Orit Strok

Orit Malka Strok (52) has been living in Chevron for 30 years, is a mother of 11, and a grandmother to 12 grandchildren. She is a human-rights activist and serves as the chairwoman of the Human Rights Organization of Judea and Samaria.

Born to a family of masorati (traditionally Jewish) lawyers in Jerusalem, Orit studied at the Hebrew University Secondary School. In eleventh grade, she decided to become religious and began studying at Gesher and Machon Meir. Orit became a close friend of the Drukman family who accepted her into their home like a member of the family; Rabbi Drukman set her up with one of his students from Or Etzion, Rabbi Avraham Strok who today is a Rabbi in Machon Meir.

The Strok family moved to Yamit where they lived until the withdrawal from Sinai; upon leaving Yamit, they became one of the first families to reestablish the Jewish presence in Chevron. Chevron is where Orit began her public service and today she is one of the leading figures in Chevron serving as the head of the Political-Legal Department of the Jewish Community of Chevron.

Strok founded the Human Rights Organization of Judea and Samaria that she still runs today. Via her organization, she has led the struggle against police brutality; she regularly submits official complaints to the Police Investigation Unit as well as leading civil cases against police officers who violently attacked right-wing protesters. She has likewise published reports and studies that statistically prove that law enforcement agencies systematically discriminate against the settlers of Judea and Samaria. She exposed the belligerent, hostile behavior of the Israeli law enforcement agencies against those who protested the disengagement; afterward, she initiated and promoted the law that pardoned all those arrested for opposing the disengagement. Strok led legal, public, and parliamentary battles against restraining orders, weapons confiscations, damage to children during expulsions, property damage during expulsions, violation of prisoners’ rights, and violation of the right to protest.

In the previous Knesset term, Orit ran the Land of Israel Lobby.
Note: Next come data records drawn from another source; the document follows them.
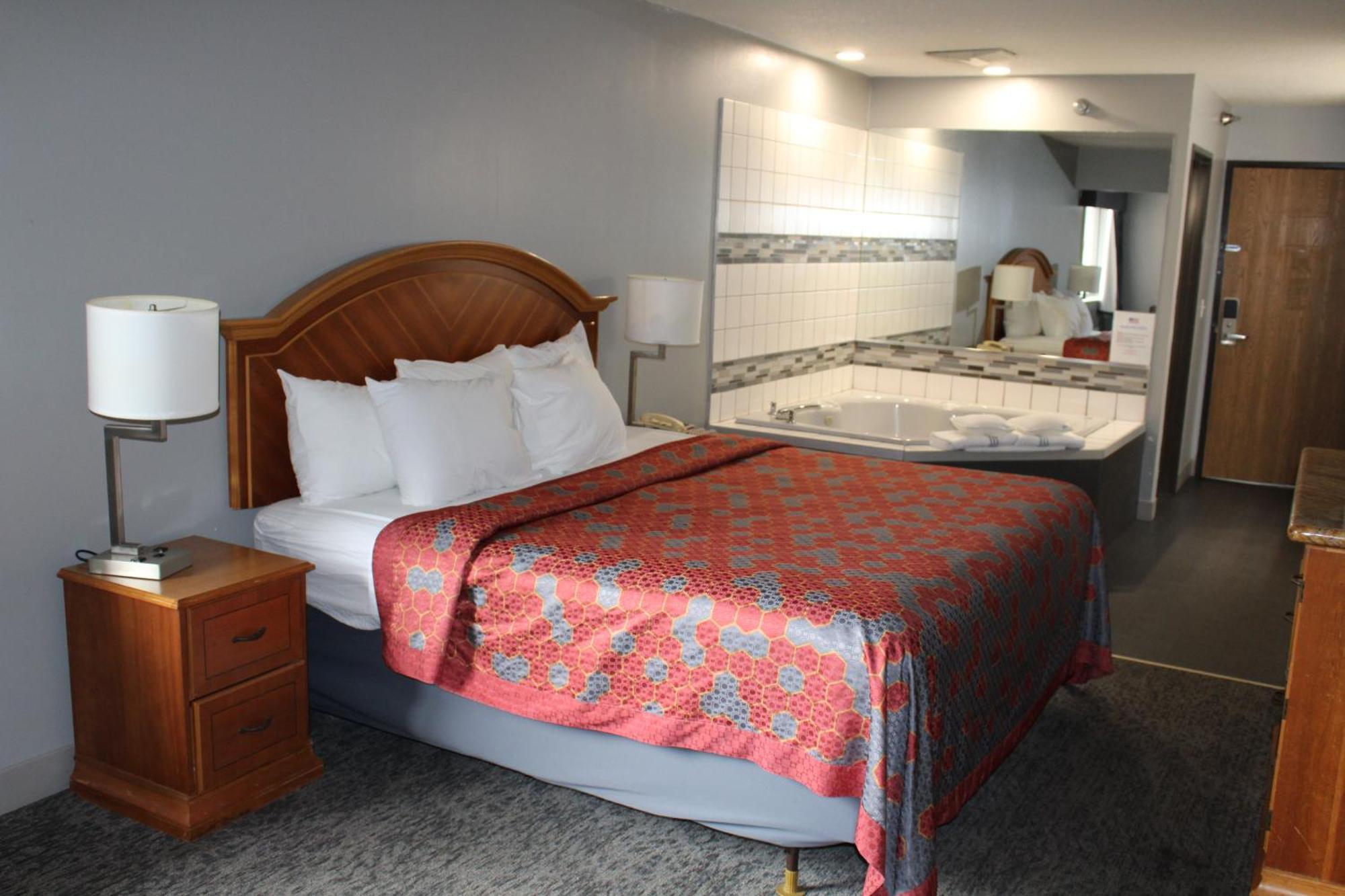 American Inn And Suites Ionia المظهر الخارجي الصورة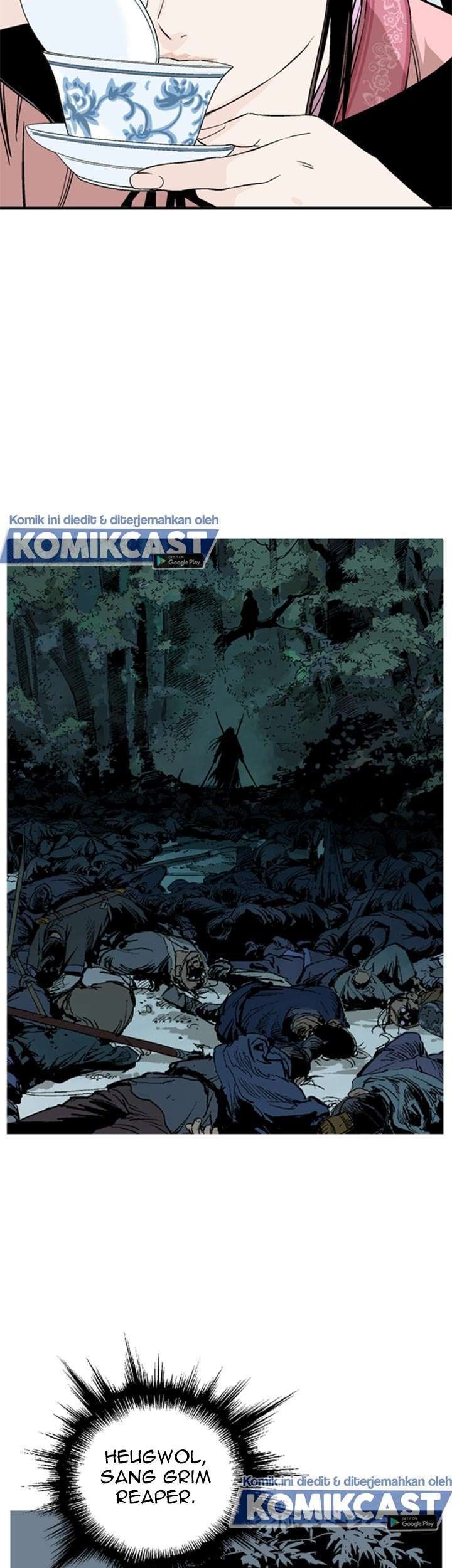 Gosu Chapter 222 Gambar 21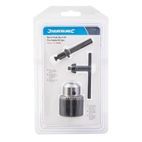 Silverline Keyed Chuck, Key &amp; SDS Plus Adaptor Kit 3pce - 13mm - 1/2" 20UNF additional 2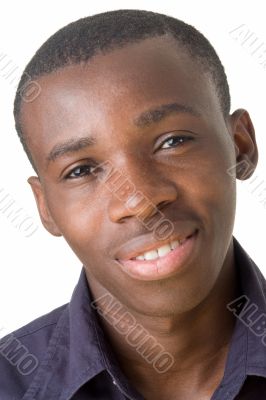 Face close up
The lobby, numbering 42 members of Knesset, fought (successfully) against the extension of the settlement freeze, against various left-wing political initiatives, promoted the declaration of Ma’arat HaMachpela (The Tomb of the Patriarchs) and Kever Rachel (Rachel’s Tomb) as National Heritage Sites, past the “Boycott Law” (a law that places financial accountability on groups or individuals who call for boycotting groups or regional areas in Israel), led the campaign for changing the government’s stance on young settlements (“outposts”), and promoted the establishment of the Levi Committee (a professional committee that investigated the legal status of the Jewish settlements in Judea and Samaria).